→ **Required action**:
Copy out the entries below exactly as they stand, but only from the line containing "Note + Bride" through the line containing "Dining area featuring".

→ **Dataset records**:
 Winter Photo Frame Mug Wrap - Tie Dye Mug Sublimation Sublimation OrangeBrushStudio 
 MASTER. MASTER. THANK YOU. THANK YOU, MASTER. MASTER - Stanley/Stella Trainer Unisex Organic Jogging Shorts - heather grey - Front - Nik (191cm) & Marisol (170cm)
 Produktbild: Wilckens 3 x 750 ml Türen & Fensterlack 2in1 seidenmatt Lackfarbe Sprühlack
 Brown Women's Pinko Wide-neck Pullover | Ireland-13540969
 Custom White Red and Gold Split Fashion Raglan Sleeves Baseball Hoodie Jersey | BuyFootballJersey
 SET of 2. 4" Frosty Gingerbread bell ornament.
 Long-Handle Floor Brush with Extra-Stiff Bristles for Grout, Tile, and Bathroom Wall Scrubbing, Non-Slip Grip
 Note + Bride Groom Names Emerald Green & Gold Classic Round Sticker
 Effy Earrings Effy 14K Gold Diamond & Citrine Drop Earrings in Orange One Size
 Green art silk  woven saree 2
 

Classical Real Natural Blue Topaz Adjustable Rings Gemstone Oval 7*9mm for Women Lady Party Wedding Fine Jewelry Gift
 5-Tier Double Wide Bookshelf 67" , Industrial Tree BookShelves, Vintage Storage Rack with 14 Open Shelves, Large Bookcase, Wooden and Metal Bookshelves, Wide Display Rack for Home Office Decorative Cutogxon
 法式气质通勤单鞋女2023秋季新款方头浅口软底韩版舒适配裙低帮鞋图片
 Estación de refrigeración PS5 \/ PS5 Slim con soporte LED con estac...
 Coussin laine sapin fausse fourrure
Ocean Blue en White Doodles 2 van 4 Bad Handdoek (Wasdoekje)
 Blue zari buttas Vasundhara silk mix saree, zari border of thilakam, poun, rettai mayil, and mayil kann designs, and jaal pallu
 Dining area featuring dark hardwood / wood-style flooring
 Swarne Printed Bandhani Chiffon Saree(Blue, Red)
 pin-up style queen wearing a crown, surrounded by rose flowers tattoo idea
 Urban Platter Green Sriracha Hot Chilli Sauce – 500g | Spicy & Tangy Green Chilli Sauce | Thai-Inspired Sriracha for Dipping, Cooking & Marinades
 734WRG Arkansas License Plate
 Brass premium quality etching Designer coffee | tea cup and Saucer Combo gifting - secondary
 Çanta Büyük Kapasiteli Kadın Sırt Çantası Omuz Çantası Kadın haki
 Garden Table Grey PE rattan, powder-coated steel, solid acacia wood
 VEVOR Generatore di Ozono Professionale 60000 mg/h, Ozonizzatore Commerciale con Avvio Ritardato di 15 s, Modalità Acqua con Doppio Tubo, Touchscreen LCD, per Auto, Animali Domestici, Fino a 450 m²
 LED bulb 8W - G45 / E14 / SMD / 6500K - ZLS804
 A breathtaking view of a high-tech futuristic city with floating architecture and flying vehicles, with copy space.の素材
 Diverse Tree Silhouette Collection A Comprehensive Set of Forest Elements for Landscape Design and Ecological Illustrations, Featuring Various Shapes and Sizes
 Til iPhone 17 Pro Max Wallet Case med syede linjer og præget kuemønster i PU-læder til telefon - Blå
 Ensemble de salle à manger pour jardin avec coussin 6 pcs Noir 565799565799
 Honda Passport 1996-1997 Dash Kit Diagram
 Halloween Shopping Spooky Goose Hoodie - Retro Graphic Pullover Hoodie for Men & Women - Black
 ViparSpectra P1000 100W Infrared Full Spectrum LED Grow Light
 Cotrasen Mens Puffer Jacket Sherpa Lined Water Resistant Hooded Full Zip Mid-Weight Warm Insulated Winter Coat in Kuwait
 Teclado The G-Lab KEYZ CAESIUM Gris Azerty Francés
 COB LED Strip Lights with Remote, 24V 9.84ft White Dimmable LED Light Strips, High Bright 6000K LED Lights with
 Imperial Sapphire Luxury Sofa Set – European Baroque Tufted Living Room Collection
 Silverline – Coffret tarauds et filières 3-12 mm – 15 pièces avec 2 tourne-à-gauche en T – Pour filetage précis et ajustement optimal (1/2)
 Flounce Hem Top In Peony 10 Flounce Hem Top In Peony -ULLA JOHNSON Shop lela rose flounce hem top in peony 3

→ **Answer below**:
 Note + Bride Groom Names Emerald Green & Gold Classic Round Sticker
 Effy Earrings Effy 14K Gold Diamond & Citrine Drop Earrings in Orange One Size
 Green art silk  woven saree 2
 

Classical Real Natural Blue Topaz Adjustable Rings Gemstone Oval 7*9mm for Women Lady Party Wedding Fine Jewelry Gift
 5-Tier Double Wide Bookshelf 67" , Industrial Tree BookShelves, Vintage Storage Rack with 14 Open Shelves, Large Bookcase, Wooden and Metal Bookshelves, Wide Display Rack for Home Office Decorative Cutogxon
 法式气质通勤单鞋女2023秋季新款方头浅口软底韩版舒适配裙低帮鞋图片
 Estación de refrigeración PS5 \/ PS5 Slim con soporte LED con estac...
 Coussin laine sapin fausse fourrure
Ocean Blue en White Doodles 2 van 4 Bad Handdoek (Wasdoekje)
 Blue zari buttas Vasundhara silk mix saree, zari border of thilakam, poun, rettai mayil, and mayil kann designs, and jaal pallu
 Dining area featuring dark hardwood / wood-style flooring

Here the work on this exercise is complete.